ナオがカラリとグラスを揺らして中の氷を鳴らす。アイスコーヒーはブラックで、それがナオのこだわりだ。アデスにコーヒー豆の輸入を安定させたのは他でもないアムデルである。それにより新しい企業が出来たり、外国からの企業がアデスに参戦するなどアデスの経済がより活発化した。不思議なことに、アデスの歴史は書物などにあまり残されておらず、謎が多い。専門家が言うには、やはり神々が存在していたからなのではないかと仮説が立てられている。今回の件は国のトップシークレットであるが、神々がいることが実証されてしまったことになる。シンはどこまでこの事実をあやふやにできるか一生懸命考えている所だ。ともかく、とシンはナオに現状報告をした。

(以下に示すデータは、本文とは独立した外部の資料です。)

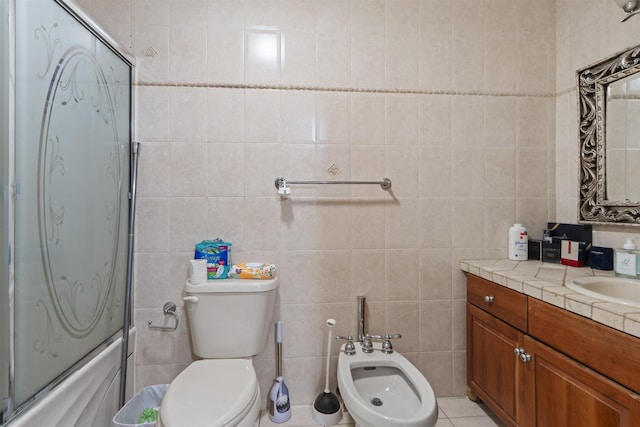 8901 Newkirk Ave, North Bergen, NJ 07047 - full bathroom featuring tile walls, vanity, a bidet, and enclosed tub / shower combo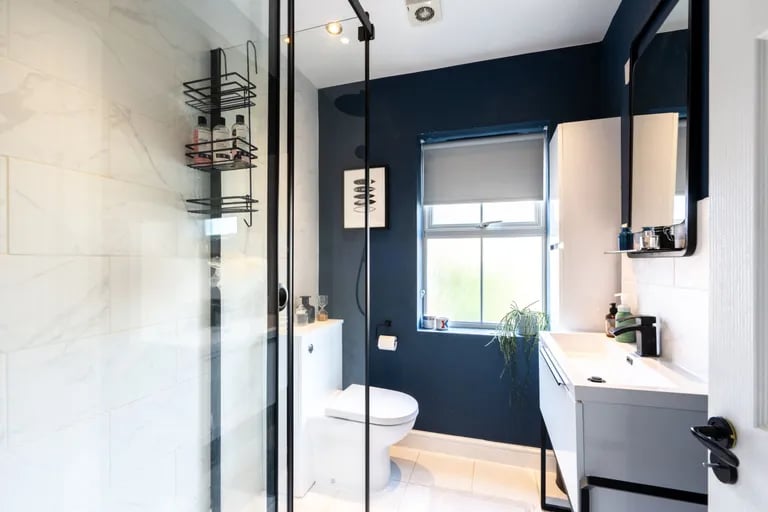 The modern en-suite features  a good-size shower cubicle.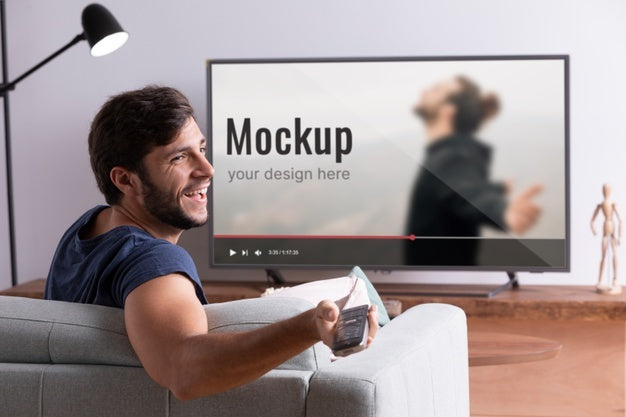 Medium Shot Smiley Man Watching Movie On Tv Psd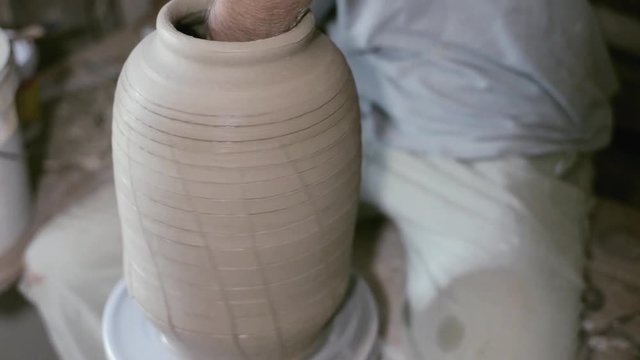 Closeup potter stretches jar by hand on potter's wheel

「サーラによると、無事に三柱に協力してもらえることになったんだって。僕も気になって母さんに尋ねてみたんだけど、その三柱は昔から謂れのある神々みたい」

「僕もちらっとなら部長に聞いたことがあるよ。にしても、その三柱とサーラが接触したなんて…」

ナオがため息を吐いている。シンはその様子に不安になった。

「良くなかったかな?」

「ううん、僕の姉様すごすぎ、ってだけ」

「そっちかい!」

思わず椅子ごと転がりそうになったシンだがなんとか踏みとどまる。

「で、サーラが僕に探して欲しい人って?」

「うん、サーラが言うには祭りの当日の午前11時頃、長身の男性から話しかけられたんだって。お菓子をあげた後すぐに姿が見えなくなって不思議に思ったみたい」

ナオはそこまで聞いて閃いた。あの時、サーラは探していた。

「もしかして」

シンも頷く。二人は同時に言っていた。

「それがお父様っていう神かもしれない?!」

「分かった。防犯カメラの映像を徹底的にチェックしてみる。夏祭りの様子は準備の時からずっと残ってるからね」

ナオは立ち上がった。シンが呟く。

「もしかしたらお父様と呼ばれている神もわざとサーラに接触しにきたんじゃないかな?」

「なんでまたそんな遠回りな」

「神々だから…じゃないかな」

ナオはイリシアに向けて走っていた。頭の傷はすっかりよくなっている。

(神々だから…か)

シンの言葉が今回の件の真意を突いている気がして、頭の中でぐるぐると回っていた。神々は概念だ。概念という、世界を維持する強力な力を持つが、それを人間のように意図をもって行使できるかというと疑問が残る。もし、神々が意図をもって力が振るえるのなら、罪のあるものはとっくにいなくなっており、人間の繁栄すらも難しいはずだ。神々だからこそ人間の肉体の力を借りて、何かを成し得ている。シンはそう言いたかったのだろうか。ハンマーやナナセも結局人間の肉体という力を借りてこの世に接触しているのだから、お父様という神もその例に則って考える方が自然だろう。ナオは更に走るスピードを速めた。サーラの言っていた人物を必ず見つける。そう心に決めて。